「主体的・対話的で深い学び」の「主体的な学び」*1とは?と聞いてみると,「自ら進んで学習に取り組む。」と答えるのが一般的だ。
私は学習において,3つの場面での「主体的学び」があると考えている。
- 学習過程
- 目標設定
- 学習結果
の3点である。
「学習過程における主体的な学び」とは,一般的に考えられる「自ら進んで課題に取り組んでいる」ということだ。授業中嫌々取り組むのではなく,その学習の必要性を感じ,強制されるのではなく,取り組んでいる姿が「主体的な学び」だ。教師側から見ると,これほどすばらしい学習の姿はない。とても理想的だ。教室内のみんながそうなってほしい。と願う。「主体的に学べ!」と言いたくなる。でも,言った時点で「主体的な学び」ではなくなる。
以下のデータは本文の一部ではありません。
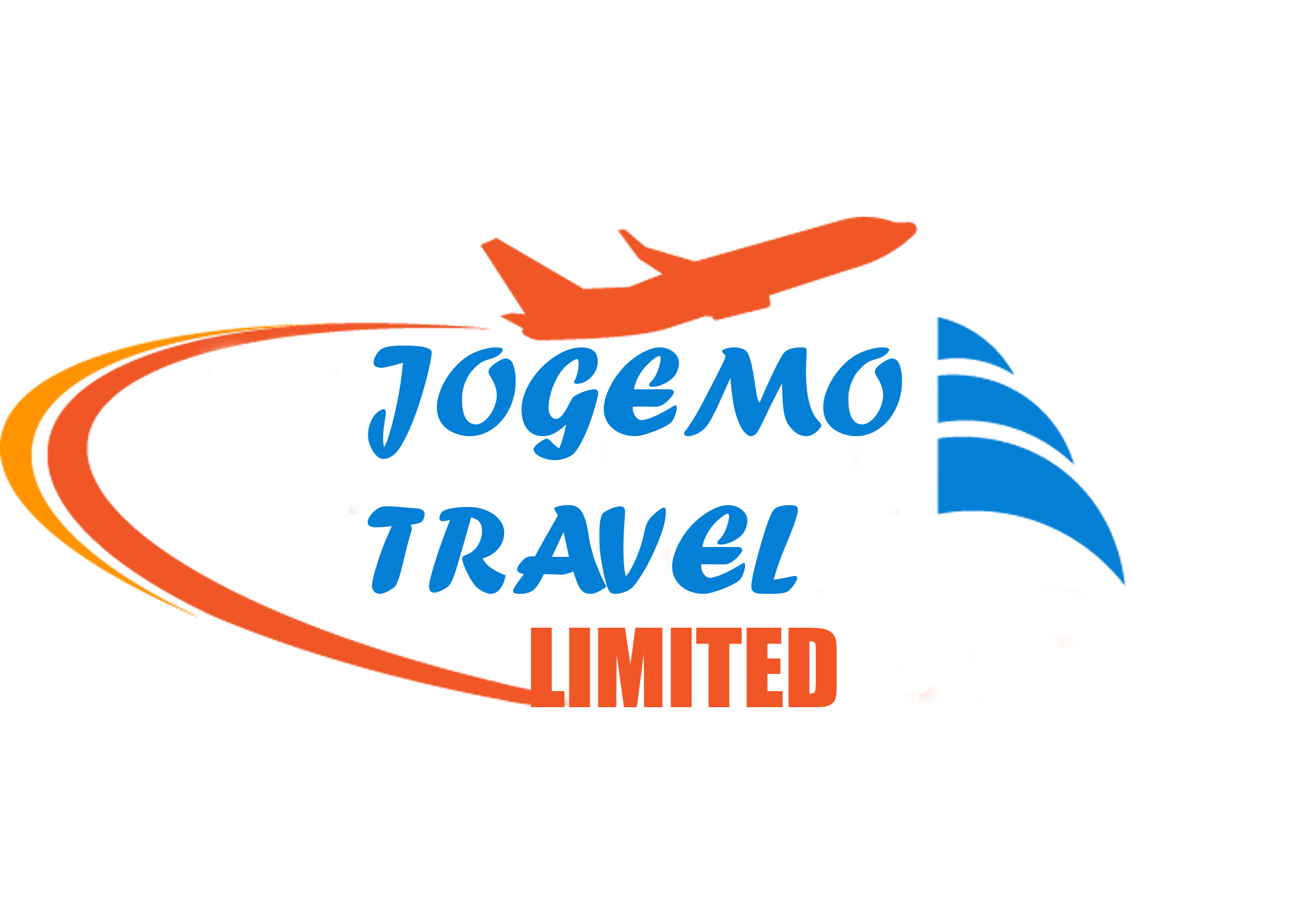 Jogemo Travel Limited Logo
多くの教師が第1に上げるこの「主体性」は,実はこれだけでは成立しないものである。このような学習者の姿になるためには,次の「目標設定の主体性」が必要になってくる。
「目標設定の主体性」とは,課題が与えられ,学習者は学習方法や自らの目標を決められることができるということだ。課題に到達するために,まずは何をクリアすべきなのか(目標設定),どのような方法を使ったら,自分はその課題を解決することが出来るのかを考え,決めることができるということだ。
教師がやり方を決めたり,細かい目標設定をして,必ずそこをクリアすることを求めると,途端に学習者はやる気が無くなる。やる気以前に,やり方を決定したら,学習過程の主体性自体も自然と消滅するのは必然だろう。
教師が課題を設定し,学習者がやり方を選び,各自最適な方法で課題に向かうということで,学習過程,目標設定の主体性が生まれてくる。
そして最後の「学習結果の主体性」だが,課題がクリアしたときに,それまでの学習の意味を自ら見つけられるということだ。学習者が同じ課題をクリアしたとしても,学習者は個々にその課題の意味の受け取り方が違っていいものだ。
ある学習者は言語活動の重要性を知り,言語の意味を見つけ,ある学習者は仲間と繋がることの重要性を知り,ある学習者は自然現象を理解する上で,自分の書けている部分を知る……ということは,1時間の授業のうちに起こりうることである。いや,起こって欲しいことであり,教師はそこを目指さなければならないと思う。
1時間の授業で,全員が同じ受け取り方を教師が求めてしまうと,その次の学びに繋がらない。「その次の学び」こそが「深い学び」に繋がるものである*2。
つまり,「意味は自分で見つける」ということだ。意味を自分で見つけられる指導,授業を仕組んでいくことで,「主体的・対話的で深い学び」を実現することが出来る。